TRY IT:
With the pictures set aside, write out all of the data exactly as it stands.

DATA:
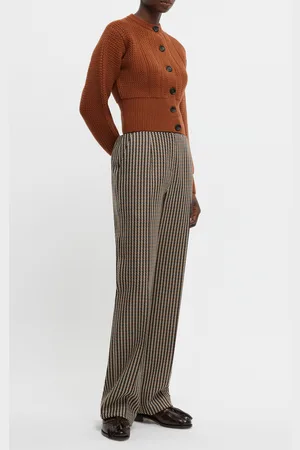 EMILIA WICKSTEAD Albert Fitted Wool Cardigan, , L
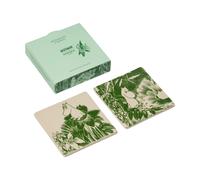 Moomin Arabia Posavasos Mumin Mystical Forest Verde. 10x10 cm. 2-pack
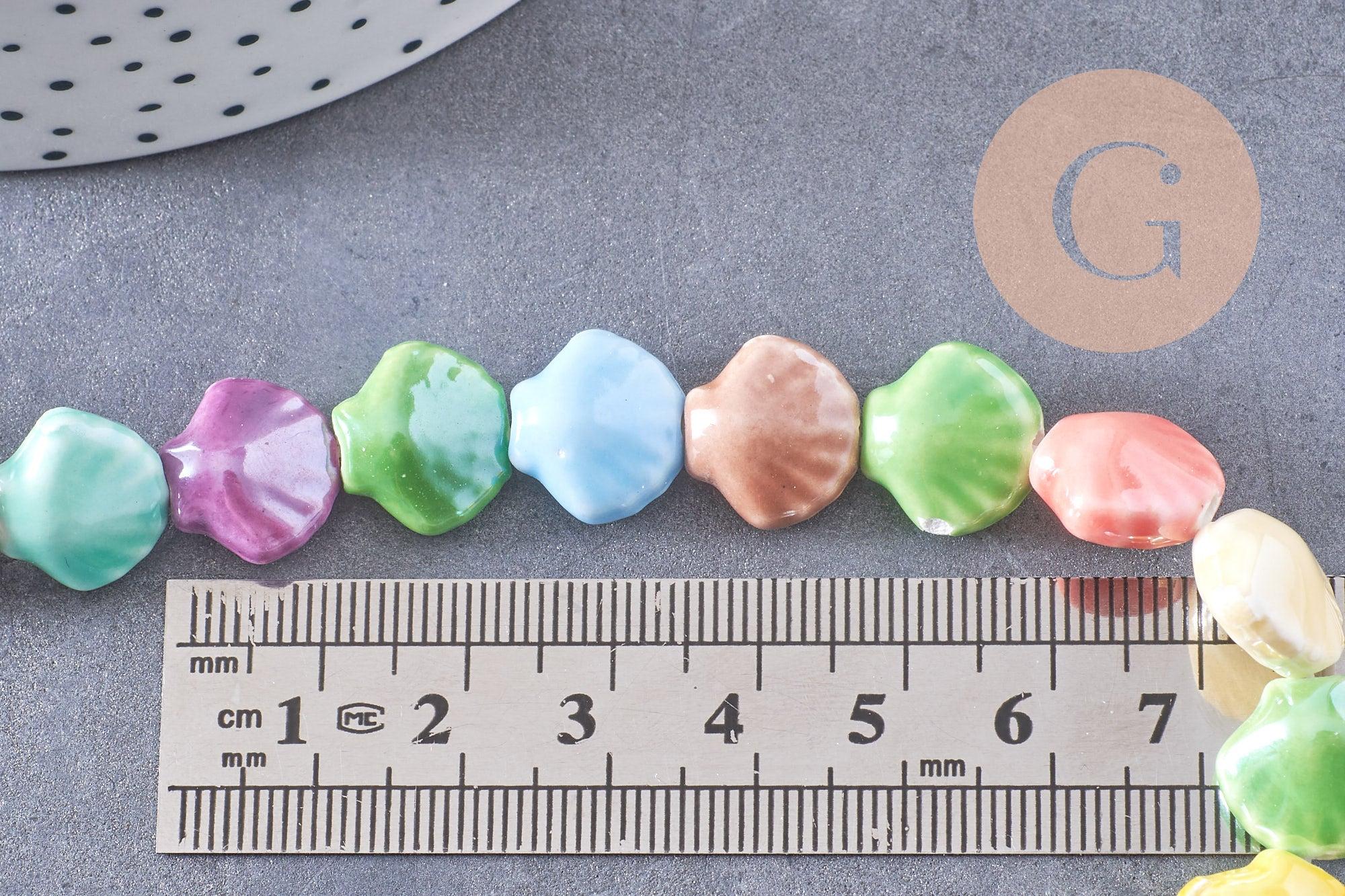 Gingerlily Perles G10324 perle coquillage porcelaine 13,5mm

COMPLETED EXERCISE:
 EMILIA WICKSTEAD Albert Fitted Wool Cardigan, , L
 Moomin Arabia Posavasos Mumin Mystical Forest Verde. 10x10 cm. 2-pack
 Gingerlily Perles G10324 perle coquillage porcelaine 13,5mm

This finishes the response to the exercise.